CFG 532

 

In August 2005 I received an Email from Ron Billing to enquire about the where abouts of VA saloon registered CFG 532

Unfortunately his VA is not traceable at the moment but his story so good I like to share it:

 

A favourite car

Whenever I say to people that I once owned an MG VA the usual response is `Oh yes a V8` and then I have to explain that I mean the one and half litre saloon produced prewar. There weren`t very many made in comparison to the T types or the Js or the PAs and PBs. In fact only 2407 saloons, tourers and convertibles were made so they are comparatively rare. The other contemporary models were the 2 litre SA s and the huge 2.6 litre WA.

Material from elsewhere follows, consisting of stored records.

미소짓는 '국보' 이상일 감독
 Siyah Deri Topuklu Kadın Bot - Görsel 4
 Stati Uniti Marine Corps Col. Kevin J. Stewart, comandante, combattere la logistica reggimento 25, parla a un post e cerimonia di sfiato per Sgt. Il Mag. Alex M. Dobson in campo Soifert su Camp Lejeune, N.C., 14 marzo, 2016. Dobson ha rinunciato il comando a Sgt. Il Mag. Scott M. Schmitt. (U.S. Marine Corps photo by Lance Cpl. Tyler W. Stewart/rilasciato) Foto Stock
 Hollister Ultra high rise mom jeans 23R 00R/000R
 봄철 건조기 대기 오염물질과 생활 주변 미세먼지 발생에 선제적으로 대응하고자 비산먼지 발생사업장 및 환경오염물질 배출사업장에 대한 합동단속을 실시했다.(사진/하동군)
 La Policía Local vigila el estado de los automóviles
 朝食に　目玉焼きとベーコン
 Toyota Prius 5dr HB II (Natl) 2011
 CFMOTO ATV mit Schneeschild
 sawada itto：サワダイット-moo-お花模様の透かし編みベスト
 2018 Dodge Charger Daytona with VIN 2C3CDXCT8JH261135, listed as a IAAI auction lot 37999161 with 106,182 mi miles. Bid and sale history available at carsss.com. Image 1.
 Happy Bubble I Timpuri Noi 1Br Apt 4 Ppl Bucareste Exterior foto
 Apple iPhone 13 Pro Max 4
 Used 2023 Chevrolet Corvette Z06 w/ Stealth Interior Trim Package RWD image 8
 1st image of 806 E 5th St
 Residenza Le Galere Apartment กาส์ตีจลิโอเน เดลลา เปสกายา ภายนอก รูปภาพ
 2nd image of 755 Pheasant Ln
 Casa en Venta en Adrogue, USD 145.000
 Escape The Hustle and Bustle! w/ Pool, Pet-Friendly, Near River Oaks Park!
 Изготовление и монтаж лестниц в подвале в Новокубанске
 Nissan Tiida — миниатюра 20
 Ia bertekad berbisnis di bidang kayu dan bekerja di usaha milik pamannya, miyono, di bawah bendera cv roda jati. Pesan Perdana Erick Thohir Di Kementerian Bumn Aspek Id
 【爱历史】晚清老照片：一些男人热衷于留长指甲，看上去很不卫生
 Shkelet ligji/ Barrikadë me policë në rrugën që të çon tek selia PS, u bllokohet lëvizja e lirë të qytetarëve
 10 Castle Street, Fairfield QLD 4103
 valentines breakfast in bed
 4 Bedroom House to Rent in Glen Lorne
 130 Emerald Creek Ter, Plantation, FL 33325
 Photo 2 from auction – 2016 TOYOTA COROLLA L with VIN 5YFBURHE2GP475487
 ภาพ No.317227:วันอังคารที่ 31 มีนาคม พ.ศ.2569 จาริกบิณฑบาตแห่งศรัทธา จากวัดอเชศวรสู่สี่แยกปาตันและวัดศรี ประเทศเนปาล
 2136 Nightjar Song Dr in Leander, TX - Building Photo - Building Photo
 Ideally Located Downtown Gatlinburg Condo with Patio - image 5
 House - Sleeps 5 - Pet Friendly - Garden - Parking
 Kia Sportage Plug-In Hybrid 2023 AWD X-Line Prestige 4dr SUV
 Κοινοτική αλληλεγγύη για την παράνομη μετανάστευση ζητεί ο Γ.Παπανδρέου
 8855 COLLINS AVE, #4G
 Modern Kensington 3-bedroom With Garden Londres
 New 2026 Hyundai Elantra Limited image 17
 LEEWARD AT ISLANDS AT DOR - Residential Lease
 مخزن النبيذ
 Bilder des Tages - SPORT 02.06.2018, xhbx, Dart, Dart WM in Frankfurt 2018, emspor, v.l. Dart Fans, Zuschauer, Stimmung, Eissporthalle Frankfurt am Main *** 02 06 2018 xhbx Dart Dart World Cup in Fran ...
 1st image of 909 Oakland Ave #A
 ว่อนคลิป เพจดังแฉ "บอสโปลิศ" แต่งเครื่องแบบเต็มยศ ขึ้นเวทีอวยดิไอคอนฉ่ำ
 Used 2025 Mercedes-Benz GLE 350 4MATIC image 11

I bought mine from a dear friend in Findochty who was reluctant to part with it but was progressing to a Healey Tickford. This was in 1958 and Charlie had owned CFG 532 since 1949 and before that it had belonged to the MG factory. I like to think that Cecil Kimber (Mr MG) must have driven it at some time. What a beauty it was, finished in deep maroon and absolutely mint. I was to care for that car better than any I had ever had and I still regard it as one of the best cars I`ve ever owned. The engine, 1544cc, was basically OHV Morris 12 suitably tweaked with twin SU`s giving 54BHP at 4500RPM. The saloon body had no chrome lining and the lines flowed from the lovely helmet style front wings along the running boards and into the rear wings. It was quite high waisted with smallish windows. The front aspect was adorned by the regal MG radiator with P 80 headlamps a single spot light and twin windtone horns. It had a very up to date specification and had many features not seen today:-

  1. Built in hydraulic jacks , the `Jackall ` system, operated from inside the car. You lifted a little flap in the passenger`s footwell and selected front or back or all and put in a handle and pumped.
  2. Adjustable shock absorbers. These were pressurized from a pump operated by the movement of the back axle so theoretically the rougher the road surface the more the axle moved and so increased the shock absorber pressure. There was an over ride control on the dash as well. A great idea but in fact wasn`t all that effective.
  3. Adjustable steering column, in and out and up and down. The foot pedals could also be adjusted so an ideal seating position was there somewhere.
  4. Oil contents gauge. Rover`s had this as well. Press a little button beside the fuel gauge and the sump contents would show as well.
  5. The `Thirtilite`. I`ve never seen this on any other car. The idea was that you could drive with the instrument lights switched off but still know when you were doing between 25 and 30mph as the little light would show between these speeds.
  6. There was a grouped greasing system to all the spring shackle pins. The pipelines had a reputation for blocking with congealed grease but mine worked OK as Charlie had always used gear oil instead of grease which eliminated the problem.
  7. There was an opening windscreen and sun roof and a rear window blind that was operated by a sliding toggle above the drivers door.
  8. In the braking department torque cables on the front axle prevented axle wind up , a common problem with leaf spring suspension.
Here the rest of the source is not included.